What needs to be done: Below this line are records; transcribe exactly the lines between the one holding "Ơ Kìa Olong" and the one holding "Leonardo Boutique Hotel", inclusive, and omit the pictures.

Image-text web data:
•••

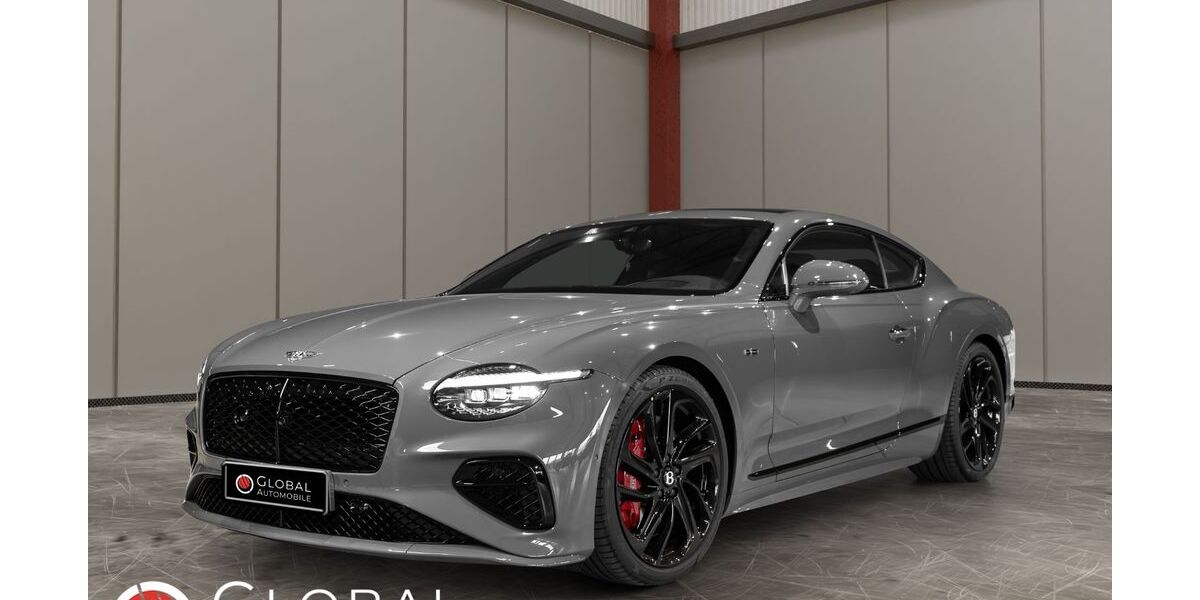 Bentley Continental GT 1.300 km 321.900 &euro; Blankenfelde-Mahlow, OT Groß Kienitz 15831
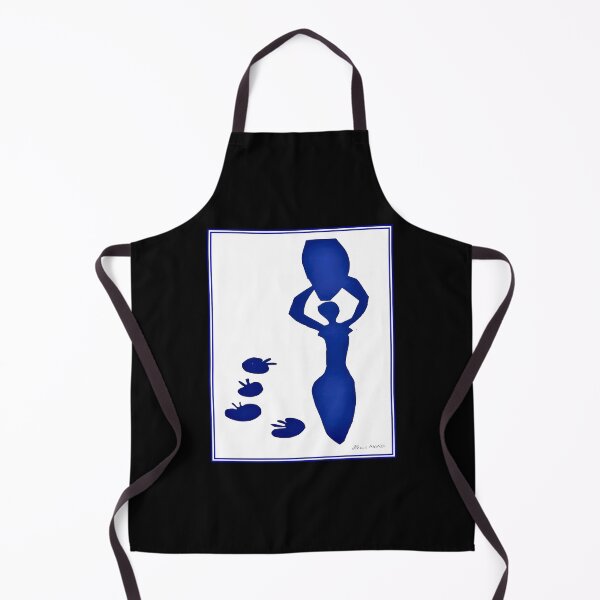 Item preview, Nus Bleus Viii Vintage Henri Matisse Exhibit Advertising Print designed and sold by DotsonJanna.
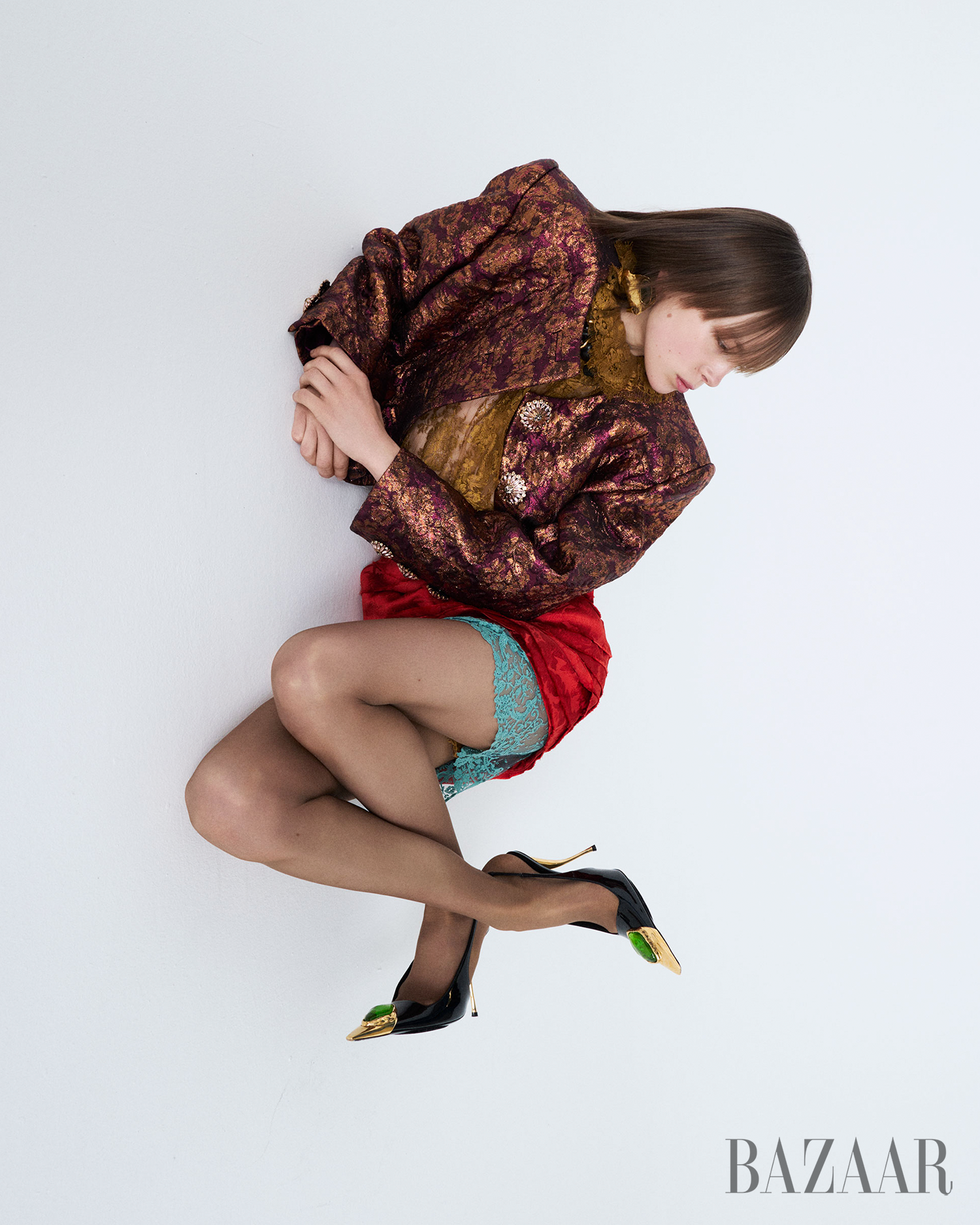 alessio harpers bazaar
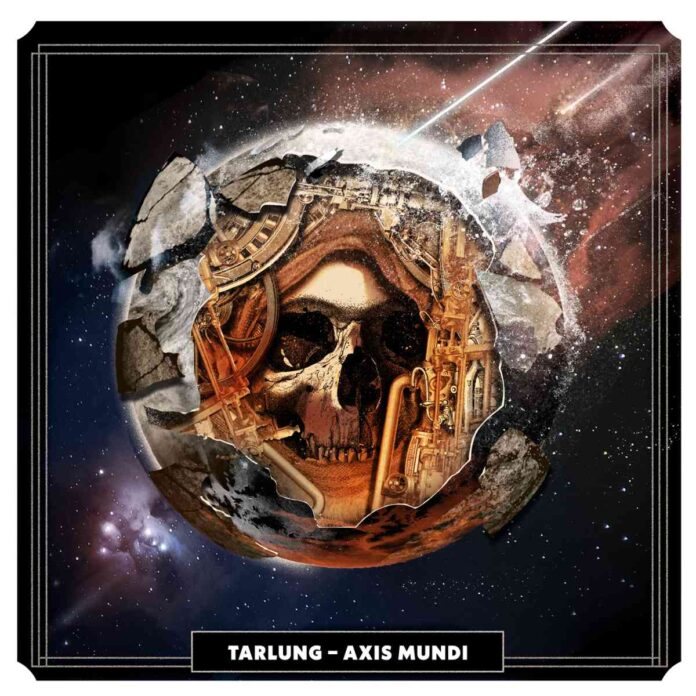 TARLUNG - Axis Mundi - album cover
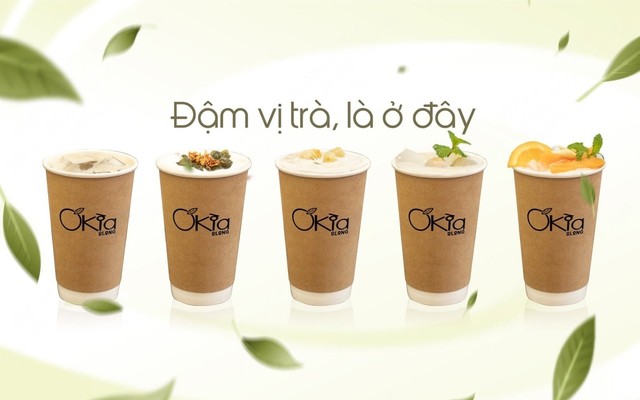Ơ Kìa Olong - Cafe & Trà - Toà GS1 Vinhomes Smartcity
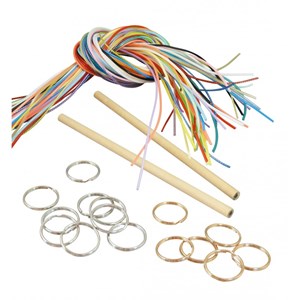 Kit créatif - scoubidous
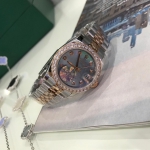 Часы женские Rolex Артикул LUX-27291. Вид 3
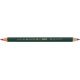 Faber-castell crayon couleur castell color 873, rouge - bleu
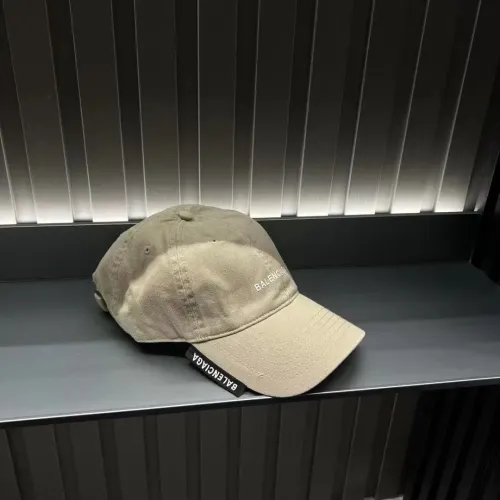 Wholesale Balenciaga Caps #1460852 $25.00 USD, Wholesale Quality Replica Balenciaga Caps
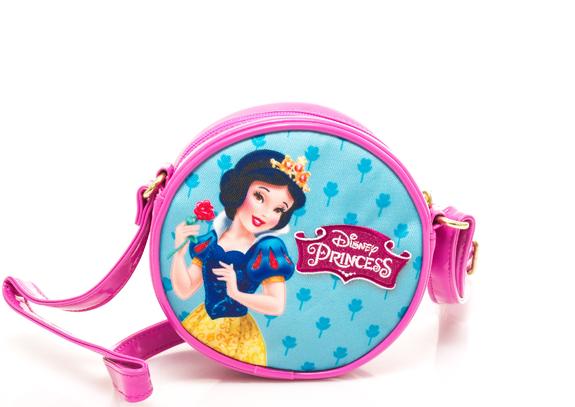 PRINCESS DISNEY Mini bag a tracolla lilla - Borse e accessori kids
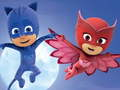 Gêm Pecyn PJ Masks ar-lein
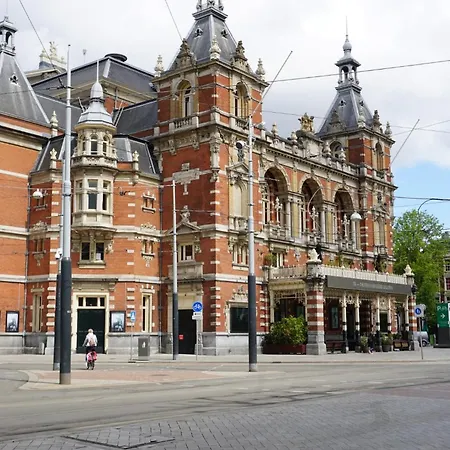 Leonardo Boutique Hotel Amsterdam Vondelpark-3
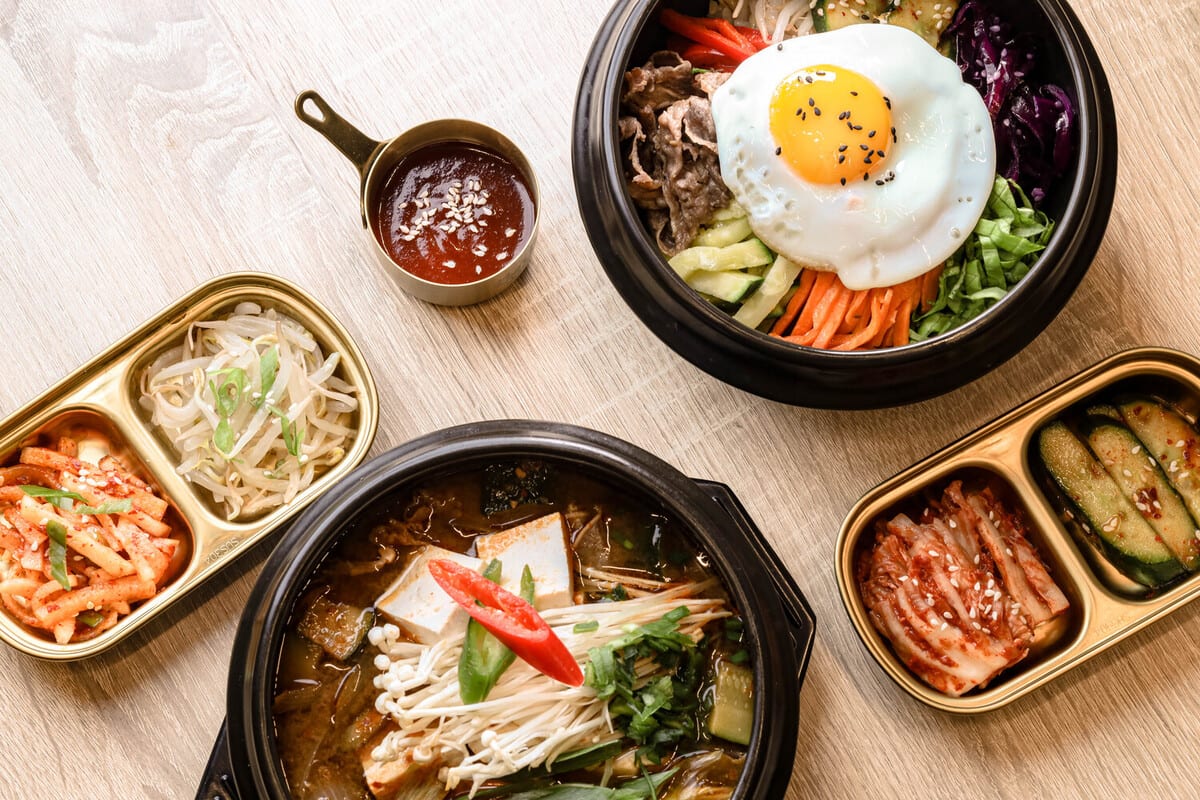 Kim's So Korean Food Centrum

•••

Exercise output:
Ơ Kìa Olong - Cafe & Trà - Toà GS1 Vinhomes Smartcity
 Kit créatif - scoubidous
 Часы женские Rolex Артикул LUX-27291. Вид 3
 Faber-castell crayon couleur castell color 873, rouge - bleu
 Wholesale Balenciaga Caps #1460852 $25.00 USD, Wholesale Quality Replica Balenciaga Caps
 PRINCESS DISNEY Mini bag a tracolla lilla - Borse e accessori kids
 Gêm Pecyn PJ Masks ar-lein
 Leonardo Boutique Hotel Amsterdam Vondelpark-3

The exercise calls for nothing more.